You are given an integer array nums with no duplicates. A maximum binary tree can be built recursively from nums using the following algorithm:

Create a root node whose value is the maximum value in nums. Recursively build the left subtree on the subarray prefix to the left of the maximum value. Recursively build the right subtree on the subarray suffix to the right of the maximum value.
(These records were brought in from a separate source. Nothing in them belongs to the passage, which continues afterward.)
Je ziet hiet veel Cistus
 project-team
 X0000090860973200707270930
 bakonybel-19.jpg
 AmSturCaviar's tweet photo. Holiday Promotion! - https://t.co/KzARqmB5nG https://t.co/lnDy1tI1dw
Return the maximum binary tree built from nums.

Example 1

654. Maximum Binary Tree

Input: nums = [3,2,1,6,0,5]

Output: [6,3,5,null,2,0,null,null,1]

Explanation: The recursive calls are as follow:

  • The largest value in [3,2,1,6,0,5] is 6. Left prefix is [3,2,1] and right suffix is [0,5].
    • The largest value in [3,2,1] is 3. Left prefix is [] and right suffix is [2,1].
      • Empty array, so no child.
      • The largest value in [2,1] is 2. Left prefix is [] and right suffix is [1].
        • Empty array, so no child.
        • Only one element, so child is a node with value 1.
    • The largest value in [0,5] is 5. Left prefix is [0] and right suffix is [].
      • Only one element, so child is a node with value 0.
      • Empty array, so no child.

Example 2

Input: nums = [3,2,1]

Output: [3,null,2,null,1]

Constraints

  • 1 <= nums.length <= 1000
  • 0 <= nums[i] <= 1000
  • All integers in nums are unique.

How to solve the problem

Code

  • Recursion (DFS)
Python
# Definition for a binary tree node.
# class TreeNode:
#     def __init__(self, val=0, left=None, right=None):
#         self.val = val
#         self.left = left
#         self.right = right
class Solution:
    def constructMaximumBinaryTree(self, nums: List[int]) -> Optional[TreeNode]:
        if not nums : # "if nums is None" is incorrect, List nums can be 0 or None
            return None
        max_index = nums.index(max(nums))  # Take the index of max value in nums
        root = TreeNode(nums[max_index])  # Set the max value as root
        root.left = self.constructMaximumBinaryTree(nums[:max_index])
        root.right = self.constructMaximumBinaryTree(nums[max_index + 1:])  # Python slices are left-inclusive but right-exclusive
        return root

Complexity

  • Time complexity: O(n), n == number of nodes
  • Space complexity: O(n)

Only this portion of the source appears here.